On 5/17/07, David M. Cooke <[EMAIL PROTECTED]> wrote:

On Wed, May 16, 2007 at 09:03:43PM -0400, Anne Archibald wrote:
> Hi,
>
> Numpy has a max() function. It takes an array, and possibly some extra
> arguments (axis and default). Unfortunately, this means that
>
> >>> numpy.max(-1.3,2,7)
> -1.3
>
> This can lead to surprising bugs in code that either explicitly
> expects it to behave like python's max() or implicitly expects that by
> doing "from numpy import max".
>
> I don't have a *suggestion*, exactly, for how to deal with this;
> checking the type of the axis argument, or even its value, when the
> first argument is a scalar, will still let some bugs slip through
> (e.g., max(-1,0)).

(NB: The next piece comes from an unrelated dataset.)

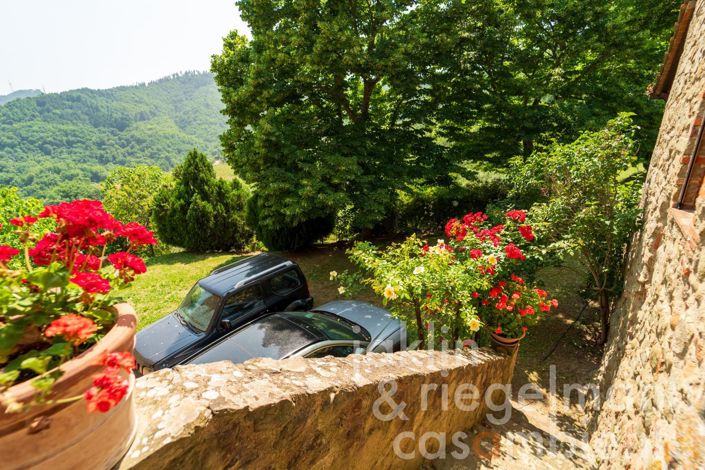 Image No.16-5 Bed Country House for sale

But I've been bitten by this a few times even once
> I noticed it.
>
> Is there anything reasonable to do about this, beyond conditioning
> oneself to use amax?

1) Don't do 'from numpy import max' :-)
2) 'from numpy import *' doesn't import max, so that's ok

I don't think we can reasonably change that in a 1.0 release, but I'm
all in favour of removing numpy.max in 1.1. Shadowing builtins is a
bad idea. The same goes for numpy.sum, which, at the least, should be
modified so that the function signatures are compatible:
numpy.sum(x, axis=None, dtype=None, out=None)
vs.
sum(sequence, start=0)


For numpy.max at least, not accepting a fractional value as an axis would
probably catch a large case of common errors.
I mean it doesn't seem like it should be legal to say 'axis=2.7'.